Short text fragments from websites:
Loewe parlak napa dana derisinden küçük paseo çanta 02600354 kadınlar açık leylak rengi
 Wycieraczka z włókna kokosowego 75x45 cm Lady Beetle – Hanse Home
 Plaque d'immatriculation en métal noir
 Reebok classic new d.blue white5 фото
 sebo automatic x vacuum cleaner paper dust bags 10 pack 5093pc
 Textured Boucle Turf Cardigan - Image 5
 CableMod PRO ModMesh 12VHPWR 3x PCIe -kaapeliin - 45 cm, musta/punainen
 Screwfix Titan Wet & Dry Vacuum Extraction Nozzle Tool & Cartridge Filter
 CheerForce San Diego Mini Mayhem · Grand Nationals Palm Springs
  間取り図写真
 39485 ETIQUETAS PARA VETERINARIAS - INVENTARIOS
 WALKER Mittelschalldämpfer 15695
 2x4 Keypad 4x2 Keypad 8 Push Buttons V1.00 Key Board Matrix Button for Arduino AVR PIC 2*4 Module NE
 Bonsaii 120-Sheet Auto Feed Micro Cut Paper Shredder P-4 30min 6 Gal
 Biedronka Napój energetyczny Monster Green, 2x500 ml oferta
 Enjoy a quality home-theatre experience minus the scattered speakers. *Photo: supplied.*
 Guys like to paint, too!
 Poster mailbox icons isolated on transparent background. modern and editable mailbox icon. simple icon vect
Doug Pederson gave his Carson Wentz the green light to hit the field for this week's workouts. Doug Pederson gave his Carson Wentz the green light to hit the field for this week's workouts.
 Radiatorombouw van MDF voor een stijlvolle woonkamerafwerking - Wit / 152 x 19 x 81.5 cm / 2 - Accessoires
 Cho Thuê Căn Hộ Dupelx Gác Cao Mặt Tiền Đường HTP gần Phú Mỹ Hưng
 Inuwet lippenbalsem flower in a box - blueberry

» **Assignment**:
Copy each line exactly, beginning at the one with "Wycieraczka z włókna" and stopping after the last line of the entries. Include nothing else.

» **Solution for this task**:
 Wycieraczka z włókna kokosowego 75x45 cm Lady Beetle – Hanse Home
 Plaque d'immatriculation en métal noir
 Reebok classic new d.blue white5 фото
 sebo automatic x vacuum cleaner paper dust bags 10 pack 5093pc
 Textured Boucle Turf Cardigan - Image 5
 CableMod PRO ModMesh 12VHPWR 3x PCIe -kaapeliin - 45 cm, musta/punainen
 Screwfix Titan Wet & Dry Vacuum Extraction Nozzle Tool & Cartridge Filter
 CheerForce San Diego Mini Mayhem · Grand Nationals Palm Springs
  間取り図写真
 39485 ETIQUETAS PARA VETERINARIAS - INVENTARIOS
 WALKER Mittelschalldämpfer 15695
 2x4 Keypad 4x2 Keypad 8 Push Buttons V1.00 Key Board Matrix Button for Arduino AVR PIC 2*4 Module NE
 Bonsaii 120-Sheet Auto Feed Micro Cut Paper Shredder P-4 30min 6 Gal
 Biedronka Napój energetyczny Monster Green, 2x500 ml oferta
 Enjoy a quality home-theatre experience minus the scattered speakers. *Photo: supplied.*
 Guys like to paint, too!
 Poster mailbox icons isolated on transparent background. modern and editable mailbox icon. simple icon vect
Doug Pederson gave his Carson Wentz the green light to hit the field for this week's workouts. Doug Pederson gave his Carson Wentz the green light to hit the field for this week's workouts.
 Radiatorombouw van MDF voor een stijlvolle woonkamerafwerking - Wit / 152 x 19 x 81.5 cm / 2 - Accessoires
 Cho Thuê Căn Hộ Dupelx Gác Cao Mặt Tiền Đường HTP gần Phú Mỹ Hưng
 Inuwet lippenbalsem flower in a box - blueberry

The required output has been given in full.